Job Summary:
Kaleidoscope Innovation is seeking a Lead Engineer responsible for the architecture and development of an enterprise-scale Generative AI platform. The role involves managing and operationalizing Large Language Models (LLMs) in regulated environments, focusing on secure and compliant AI inference for pharmaceutical and life sciences applications.
Responsibilities:
• Architect and implement a GPU-accelerated, cloud-native LLM serving platform using containerized microservices deployed on Kubernetes.
• Design systems that support low-latency, high-throughput inference while maintaining fault tolerance, horizontal scalability, and isolation across dev, test, and production clusters.
• Abstract infrastructure primitives to expose self-service model lifecycle APIs for data scientists and ML engineers.
• Deploy and manage fine-tuned and parameter-efficient LLMs using techniques such as PEFT and LoRA.
• Implement end-to-end model versioning, promotion, rollback, and deprecation workflows.
• Support integration of multiple LLM backends (open-source and commercial) behind standardized inference interfaces.
• Engineer real-time request/response inspection pipelines to analyze user prompts and model outputs for:
• Prompt injection
• Data exfiltration
• Hallucination risk
• Policy and compliance violations
• Implement multi-layer security controls embedded at ingress, orchestration, and model-serving layers.
• Ensure all model interactions are traceable, auditable, and reproducible.
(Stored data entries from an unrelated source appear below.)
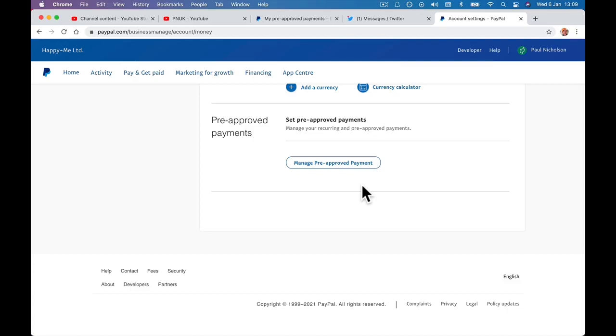Hope that helps. Every time I come to it, it feels like it changes on PayPal, so I thought I'd just do a quick video in case it helps people.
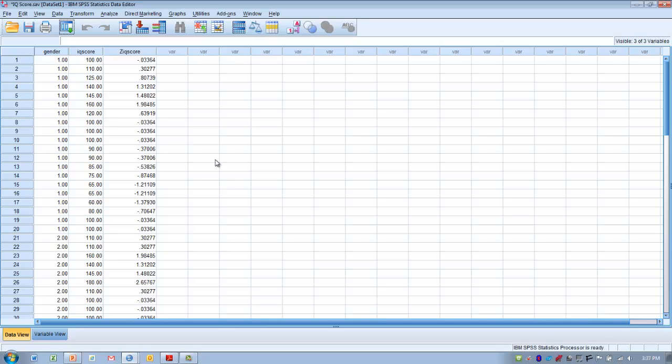Now let's talk about how we can use these Z-scores. What usually happens is we want to take a raw score, convert it to a Z-score, and then talk about how it relates to all the other scores in a distribution. The mean tells us whether you are above or below it, but the Z-score allows us to determine how far above or below a score might be from the mean. It also helps us determine the percentile rank, make predictions about how likely someone is to score above or below a particular Z-score, and determine the probability of scores occurring between a boundary of two Z-scores.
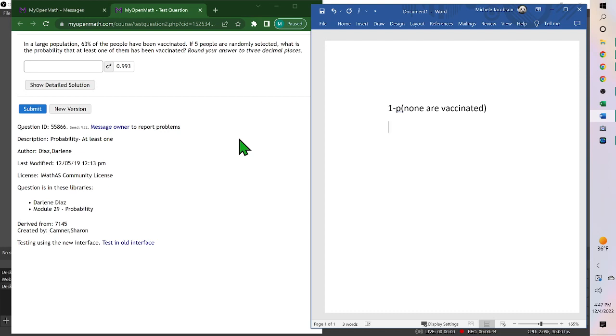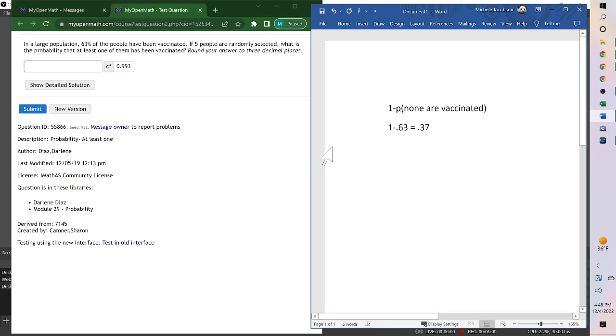Now first we need to find the probability that a person wouldn't be vaccinated, which would be one minus 0.63, or 0.37. So the probability that one person is not vaccinated is 0.37.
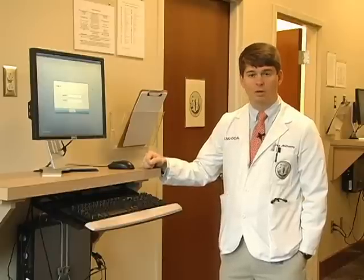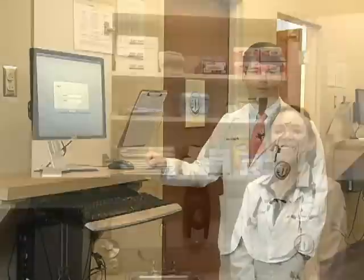After entering the clinical exam area, you'll find a workstation in front of your assigned exam room. If instructed, go ahead and log in and enter the room. You will also use this workstation to end the encounter after you exit the exam room.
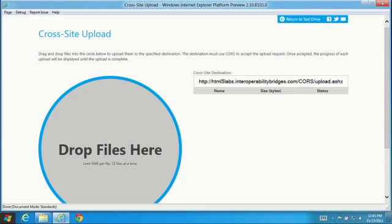This demo uses CORS along with file API drag-drop support in an HTML5 progress control styled with CSS for a fast and fluid experience uploading multiple files.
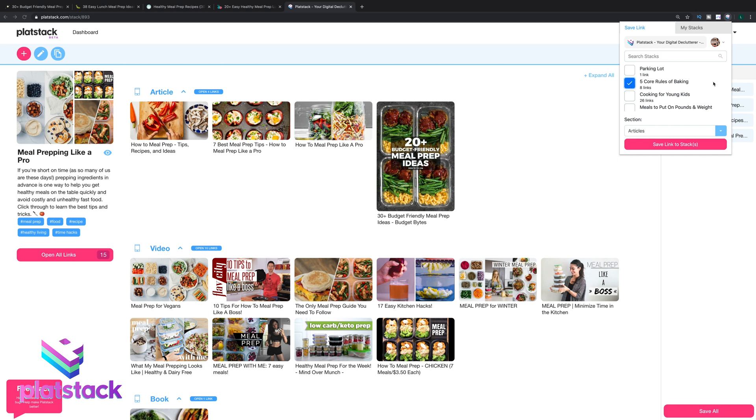While on any web page, just click the PlatStack icon, choose the stack you'd like to save it to, and click Save Link to Stack.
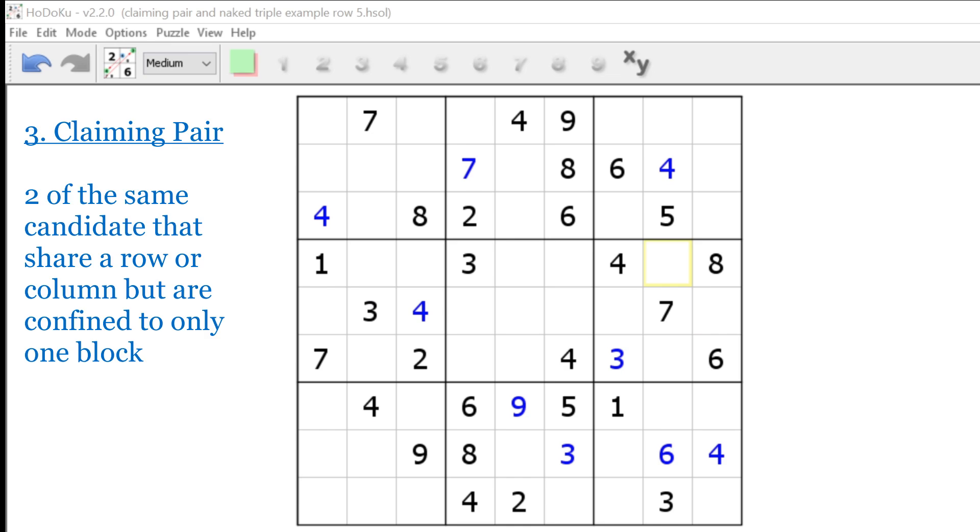Number three, the claiming pair. The claiming pair is defined as two of the same candidate that share a row or column, but are confined to only one block. When this happens, we can eliminate that candidate from every other cell in the same block. Here's an example.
• Build and operationalize retrieval-augmented generation (RAG) pipelines integrating LLMs with enterprise document repositories and vector search backends.
• Standardize prompt engineering frameworks, contextual grounding strategies, and evaluation methodologies.
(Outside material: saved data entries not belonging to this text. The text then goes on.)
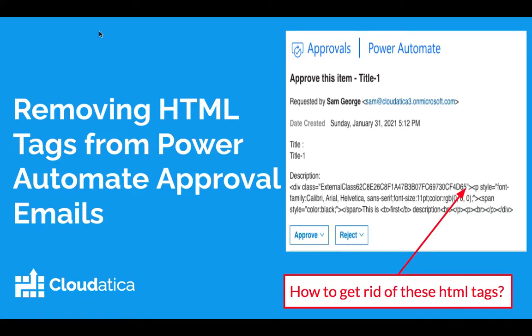Hey everyone, in this video I'm going to tell you how to get rid of these HTML tags that sometimes you get in your Power Automate approval emails.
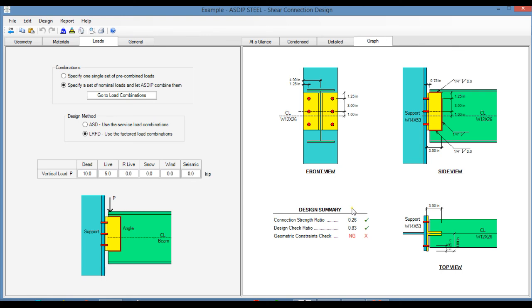As you can see, the user interface in the shear connection design module in ASDIP Steel is very simple and efficient. The program is organized in tablet pages, so the information is located and organized in a very efficient way.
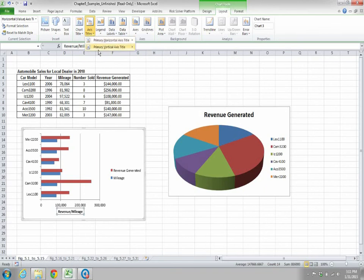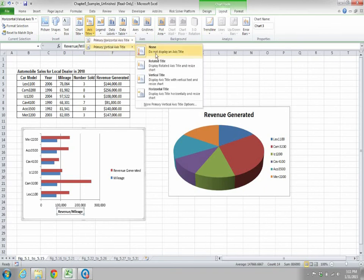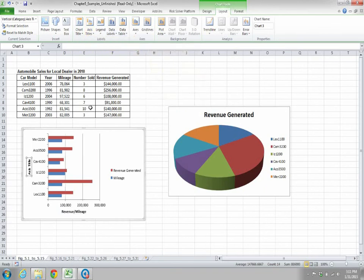If you want a vertical axis title, click Axis Titles for the vertical axis. You get the title placeholder and you can write your label as car model.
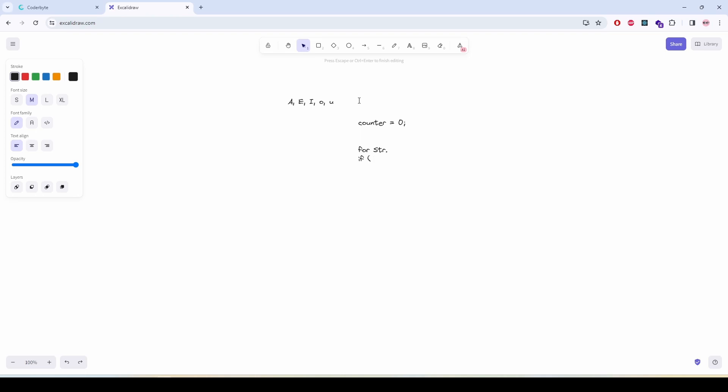see that the current value is equal to a, e, i, o, or u, then we are going to increase the counter. And then after the for loop ends we are going to return the counter, as simple as that.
• Enable enterprise use cases including contextual Q&A, semantic search, summarization, redaction, and knowledge extraction.
• Use workflow orchestration frameworks (e.g., Temporal.io) to manage long-running, stateful AI pipelines, including inference orchestration, evaluation, and post-processing.
• Implement asynchronous, event-driven AI workflows using gRPC-based service communication.
• Standardize infrastructure provisioning using Infrastructure-as-Code (IaC) principles to ensure deterministic, repeatable deployments.
• Automate CI/CD pipelines for model artifacts, prompts, and platform services.
• Enable dynamic resource allocation, GPU scheduling, and zero/low-downtime upgrades.
• Design and implement observability pipelines collecting:
• Model latency and throughput
• Token usage and cost metrics
• Security violations and guardrail triggers
• Drift, degradation, and anomalous behavior
• Establish Service Level Objectives (SLOs) and reliability targets for LLM inference services.
• Enable proactive debugging, capacity planning, and performance optimization.
• Integrate the platform with internal policy enforcement systems, IAM, and role-based access controls (RBAC).
• Ensure generative outputs comply with enterprise governance frameworks, regulatory requirements, and ethical guidelines.
• Maintain detailed audit logs to support compliance and validation in regulated environments.
• Develop reusable platform components enabling collaboration across data science, DevOps, and product teams.
• Provide standardized interfaces and SDKs for downstream applications to consume AI services.
• Serve as a technical bridge between AI research experimentation and enterprise-grade production systems.
Qualifications:
Required:
• Applicants must be authorized to work for ANY employer in the U.S.
• Strong experience designing and operating distributed cloud-native systems.
• Hands-on expertise deploying LLMs in production with performance, scalability, and security constraints.
• Deep understanding of container orchestration (Kubernetes) and GPU-enabled workloads.
• Experience implementing real-time inference services, API gateways.
• Proven ability to design systems meeting compliance, auditability, and governance requirements.
Preferred:
• Experience in pharmaceutical, healthcare, or highly regulated enterprise environments.
• Exposure to AI security, prompt-risk mitigation, and regulated AI deployment.
• Experience translating NLP research and generative modeling techniques into production platforms.
• Strong collaboration skills with data scientists, ML engineers, SREs, and product teams.
Company:
When clients come to us for product design and development, they get a full range of technical expertise and laboratory resources, but they also get a team that’s relentless when it comes to solving problems and creating designs that are the ideal combination of function and form. Founded in 1989, the company is headquartered in Cincinnati, USA, with a team of 201-500 employees. The company is currently Growth Stage.